Parce qu'aucune lumière ne s'éteint jamais vraiment
1 mois plus tard...
Je monte les marches quatre à quatre et déboule, essoufflée, en haut des escaliers.
— Je suis en retard ! Pardon ! je hurle.
Quatre visages se tournent vers moi, abasourdis. Trois d'entre eux m'arrachent un petit cri de surprise. Guillaume hoche la tête.
— Ma beauté fait toujours cet effet, dit-il. Mais je pensais que pour toi c'était passé.
Hugo lui donne un coup de coude dans les côtes avant de me saluer.
— Salut, Léna.
Emma esquisse un sourire dans ma direction, que je prends comme un bonjour, puis le quatrième visage m'empêche de formuler mes questions à haute voix :
— Si vous voulez bien me suivre, nous allons commencer. J'espère que vous avez tous les papiers que je vous avais demandé d'apporter.

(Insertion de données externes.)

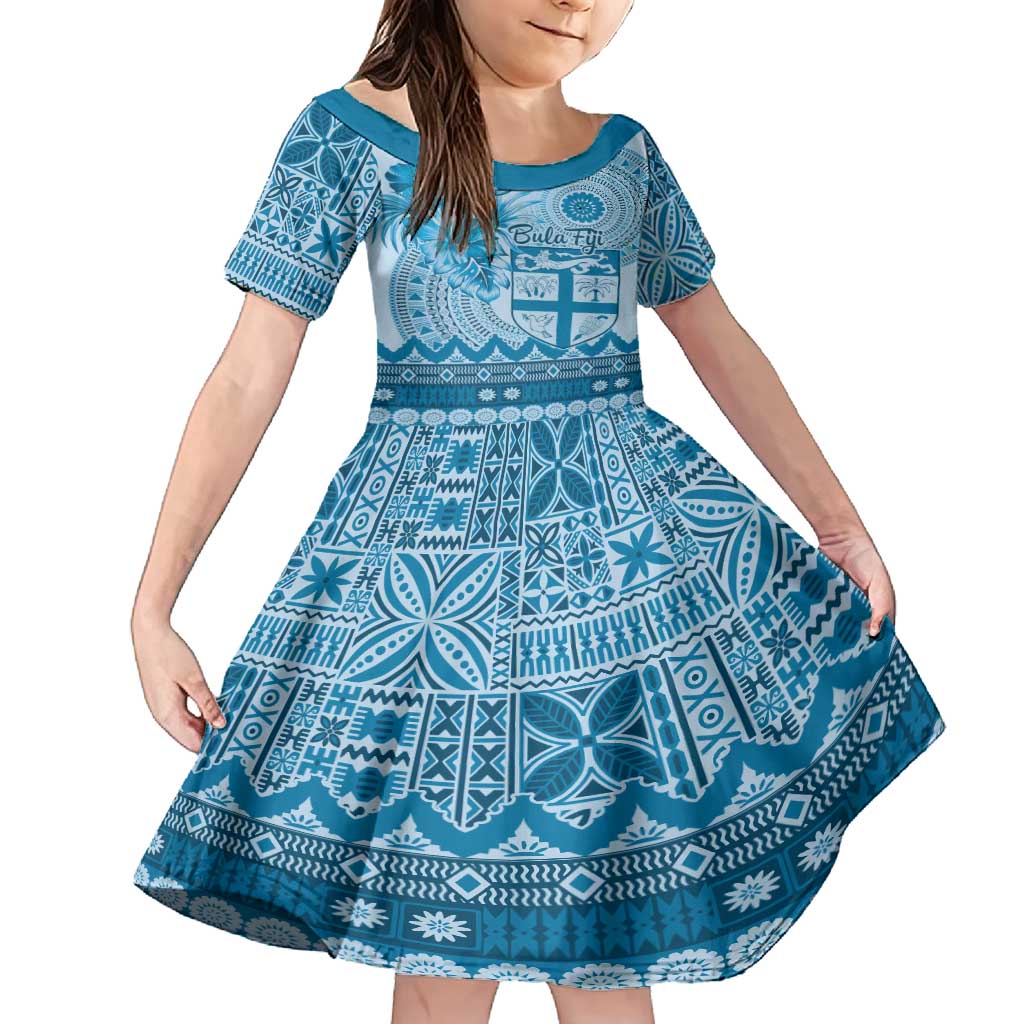 Vintage Bula Fiji Personalised Family Matching Tank Maxi Dress and Hawaiian Shirt Blue Hibiscus Tapa Pattern LT9 Daughter's Dress Blue - Polynesian Pride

Nous hochons la tête de concert tandis qu'il nous fait asseoir dans son bureau.
— Bien. Alors, nous allons pouvoir parler de la raison de votre venue : le testament de Madame Monique.
Je lance un regard à mes compagnons. Ils ne semblent pas surpris. Suis-je la seule qui n'étais pas au courant ? J'essaie de faire comme si je le savais, mais mon jeu d'acteur doit être médiocre car Guillaume se tourne vers moi et hausse un sourcil :
— Pourquoi es-tu si surprise ? semble-t-il dire.
— Je ne savais pas, j'articule silencieusement.
Il hausse les épaules.
— Tu n'avais qu'à lire. Tout était écrit.
Je lève les yeux au ciel.
— Merci Guillaume, toujours d'une aide précieuse.
Il sourit et m'adresse un clin d'œil.
— Toujours là pour te servir. Tu ne pourrais pas te passer de moi, hein ?
Je secoue la tête et reporte mon attention sur l'homme en face de nous. Dans la cinquantaine, il semble savoir ce qu'il fait. Heureusement, car je n'ai pas écouté un traître mot de ce qu'il a dit.
— Maintenant, il faut que vous signiez là. Avant que je ne puisse vous lire ce qu'elle m'a demandé de vous partager.
Cette fois-ci, je ne semble pas être la seule surprise par ces paroles. Monique aurait-elle eu assez de cœur pour nous laisser un mot avant de mourir ?
Nous signons tour à tour très rapidement, pressés d'entendre ce que le notaire a à nous lire. Lorsque sa voix s'élève, grave et monocorde, nous dressons tous l'oreille :
Mes amis, mes Lucioles.
Pendant ces quelques semaines, vous m'avez éclairée mieux que toutes les étoiles du monde, sans vouloir les vexer.
J'écris ce soir ces mots, alors que nous venons de clore l'un des plus beaux chapitres de notre histoire. L'océan a semblé guider mes pas jusqu'à une porte que je croyais close. Olivier, en sa qualité de propriétaire de l'immeuble, s'est présenté à moi avec une offre. Il me faisait propriétaire des Lucioles, en échange d'un tableau de Victor.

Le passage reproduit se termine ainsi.